LARCHMONT, N.Y. – Officials at Swim Across America canceled the swimming portion of Saturday’s “Swim to Fight Cancer” at the Larchmont Shore Club because of inclement weather.
The swimmers were supposed to swim from four miles out in the Long Island Sound onto the shore at the Larchmont Shore Club. But fog and choppy waters forced officials to cancel the swim for the first time in the Long Island Sound chapter’s 20-year history.
“The waves were too high, too much wind, too much uncertainty,” said Jim Smith, a volunteer with Swim Across America. “The decision was made probably at 8 or 8:30.”
Smith said no one was in the water at the time officials made the decision.
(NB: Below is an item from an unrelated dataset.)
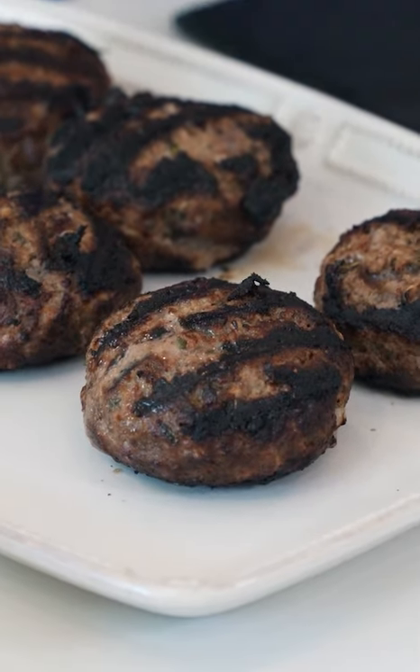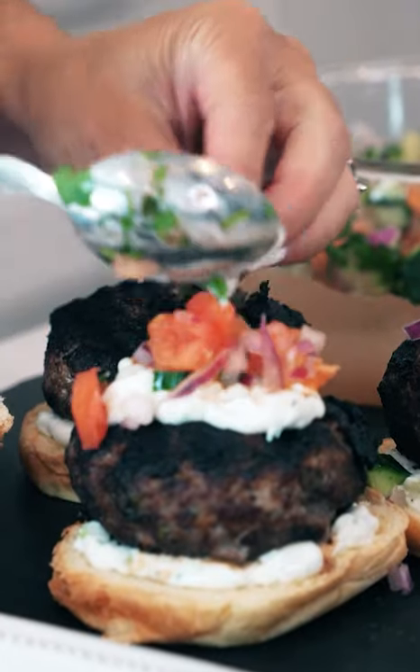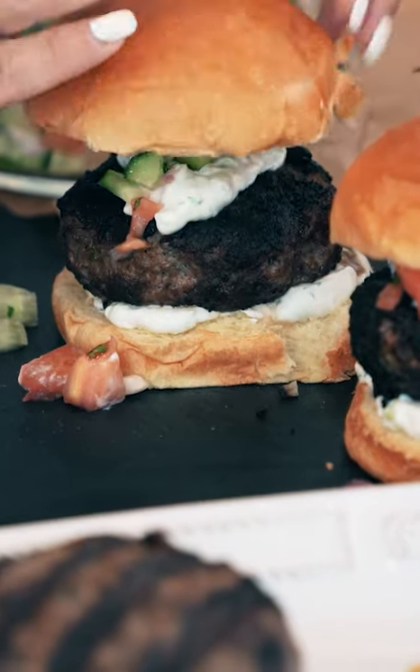Once we have our grilled burgers, we're going to assemble. We're going to add a little tzatziki, our grilled burger, and our chopped sauce — Greek salsa — with tomato, cucumber, red onion, and parsley.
Swimmers normally head out to the starting point on boats at approximately 7:15 a.m. or 7:30 a.m., and the first group of swimmers usually arrives at the Larchmont Shore Club shortly after 9 a.m.
The cancellation did not affect the donations already collected for Swim Across America.
More than 1,000 people still gathered at the club for breakfast and a reception, despite the mist and chilly wind. Tony Sibio, chairman of the Long Island Sound chapter of Swim Across America, said the donations collected from this year’s swims, which culminated on Saturday, should amount to more than $1 million.
Matt Vossler, one of the founders of Swim Across America, said the organization made the right call.
“This is about raising money to help people who are battling cancer. It’s about preventing cancer. It’s a celebration of the families and of the community here,” Vossler said. “Obviously, we’re not going to risk anything in the water that’s going to have an impact on that.”
Vossler said the annual event has become the standard for all the other events Swim Across America holds nationally and is the largest in terms of money raised and people involved.
Two former Olympic swimmers, Mark Gangloff and Craig Beardsley, were supposed to hit the water on Saturday. Each expressed some disappointment but knew that safety was the primary concern.
Gangloff addressed the crowd from a microphone with the word ROOKIE tattooed on his right forearm. He had planned to swim in the event for the first time.
“I guess I’ll have to wear my rookie tattoo again next year when I come back and actually swim,” Gangloff joked.
Beardsley, who was on the 1980 U.S. Olympic Swim Team and once held the world record in the 200-meter butterfly, was also a bit disappointed, but knew that safety comes first.
“Of course you get disappointed because there’s nothing better than swimming,” Beardsley said. “But you know what, I think everyone understands that you don’t control the weather.”